Durante el par de semanas siguientes, se movieron como extraños por la pequeña casa. No, no como extraños, pensó Liam. Los extraños intercambiaban saludos educados y miradas de desinterés. Zayn y él eran como fantasmas. Ni siquiera se veían. Las noches eran peor. Tumbados en la misma cama, la distancia que los separaba se medía como la escala de un mapa: los centímetros equivalían a kilómetros.
Desde su asiento en el sofá, Liam contempló por la ventana las masas de nubes grises que se agolpaban en el cielo con la amenaza de la lluvia... Noviembre había llegado sin avisar, como solía ocurrir en California. Los días frescos y soleados se habían transformado en nieblas matutinas y en ráfagas de viento frío y húmedo.
Liam suspiró y desvió la mirada al cronómetro de cocina que estaba puesto sobre la mesita de centro. Un minuto más, y lo sabría con certeza. Un minuto más, y su mundo se alteraría de manera drástica. Era un manojo de nervios, y respiró hondo varias veces en un vano intento por relajarse.
Cuando el cronómetro saltó con un graznido histérico, Liam se apresuró a apagarlo. El silencio lo envolvió. Oyó los latidos de su corazón, que resonaban en los oídos, y creyó oír otros latidos más débiles acompasados con los suyos.
Lentamente, dejó el cronómetro sobre la mesa y tomó la tira blanca de plástico que encerraba las respuestas de su futuro inmediato. Vaciló ligeramente y contempló el resultado del test.Un signo más.
Liam inspiró hondo y sostuvo con fuerza la varilla de plástico. Sintió cómo las lágrimas afloraban a sus ojos y volvió la cabeza para mirar por la ventana. Cómo no, había empezado a llover y los cristales estaban salpicados de gotas.
Liam se secó una lágrima de la mejilla y parpadeó para reprimir el resto. No iba a llorar, no podía permitírselo. Tenía que ser fuerte. Se llevó la mano al vientre, donde su hijo ya estaba creciendo, confiando en que él lo mantuviera a salvo. Y lo amara.
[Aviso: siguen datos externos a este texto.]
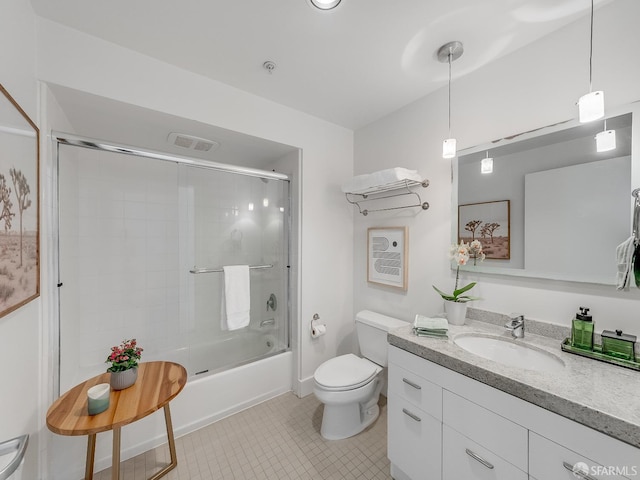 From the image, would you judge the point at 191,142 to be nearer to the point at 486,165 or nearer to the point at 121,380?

Sabía lo que tenía que hacer. Todavía con la varita del test en la mano, se puso en pie y, al compás del golpeteo de la lluvia, caminó hasta el dormitorio y empezó a hacer las maletas.
[...]
—No puedes irte así —le dijo su padre—, sin ni siquiera decirle adiós.
—No puedo decirle adiós a Zayn —replicó Liam, y lanzó una mirada a la puerta cerrada del despacho de su padre antes de volver a mirarlo. Sabía perfectamente que, si intentaba despedirse de él, nunca se iría. Y tenía que irse. Por el bien de todos.
—Liam —dijo su padre, levantándose del sillón. Rodeó la mesa hasta colocarse frente al castaño y tomó sus manos—. No lo has pensado bien.
—Claro que sí —replicó, y se soltó. Si cedía a la necesidad de recibir consuelo, sucumbiría al llanto y a la histeria.
—¿Y qué me dices de los tres meses que acordaron pasar juntos? —replicó.
—Las cosas han cambiado —por decir algo.
—¿Qué cosas?
Liam movió la cabeza y parpadeó con furia, decidido a mantener a raya las lágrimas, que nunca andaban muy lejos.
—Lo amas, Liam —dijo su padre en voz baja, con convicción—. Hasta yo puedo verlo.
El dolor volvió a desgarrarle las entrañas.
—Eso no importa.—Te equivocas —dijo el coronel, y dio el paso que lo separaba de su hijo. Le puso las manos sobre los hombros y estrechó su cuerpo rígido—. Es lo único que importa.
Envuelto en aquel abrazo y con la nariz enterrada en la camisa de su uniforme, Liam cedió brevemente a la necesidad de ser reconfortado. Durante casi toda su vida, su padre había estado con él cuando lo necesitaba. Dispuesto a entrar en batalla en su nombre y a enderezar todos los entuertos de los que había sido víctima. Liam deseó que también pudiera enderezar aquél. Pero no podía.